X

Tamp - a Lightweight Multi-Threaded Compression Utility

UPDATE: Tamp has been ported to Linux, and is now at version 2.5


Packages for Solaris (x86 and SPARC), and a source tarball are available below.

Back Then

Many years ago (more than I care to remember), I saw an opportunity to
improve the performance of a database backup. This was before the time of
Oracle on-line backup, so the best choice at that time was to:

  1. shut down the database
  2. export to disk
  3. start up the database
  4. back up the export to tape

The obvious thing to improve here is the time between steps 1 and 3.
We had a multi-CPU system running this database, so it occurred to me
that perhaps compressing the export may speed things up.

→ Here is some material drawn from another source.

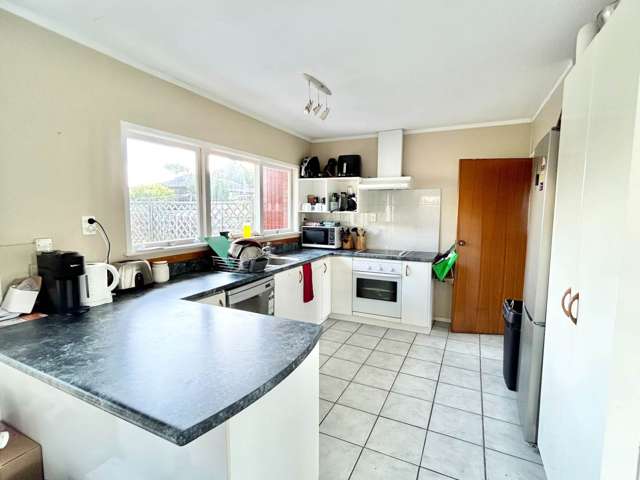 88 Reeves Road Pakuranga Heights_2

I say "may" because it is important to remember that if the compression utility has lower throughput than the output of the database export (i.e. raw output; excluding any I/O operations to save that data) we may just end up with a different bottleneck, and not run any faster; perhaps even slower.

As it happens, this era also pre-dated gzip and other newer
compression utilities. So, using the venerable old "compress", it
actually was slower. It did save some disk space, because Oracle export
files are eminently compressible.

So, I went off looking for a better compression utility. I was now
more interested in something that was fast. It needed to not be the
bottleneck in the whole process.

What I found did the trick - It reduced the export time by 20-30%, and
saved some disk space as well. The reason why it saved time was that
it was able to compress at least as fast as Oracle's "exp" utility was
able to produce data to compress, and it eliminated some of the I/O - the real bottleneck.

More Recently

I came across a similar situation more recently - I was again doing
"cold" database restores and wanted to speed them up. It was a
little more challenging this time, as the restore was already parallel
at the file level, and there were more files than CPUs involved (72).
In the end, I could not speed up my 8-odd minute restore of ~180GB,
unless I already had the source files in memory (via the filesystem
cache). That would only work in some cases, and is unlikely to work
in the "real world", where you would not normally want this much spare
memory to be available to the filesystem.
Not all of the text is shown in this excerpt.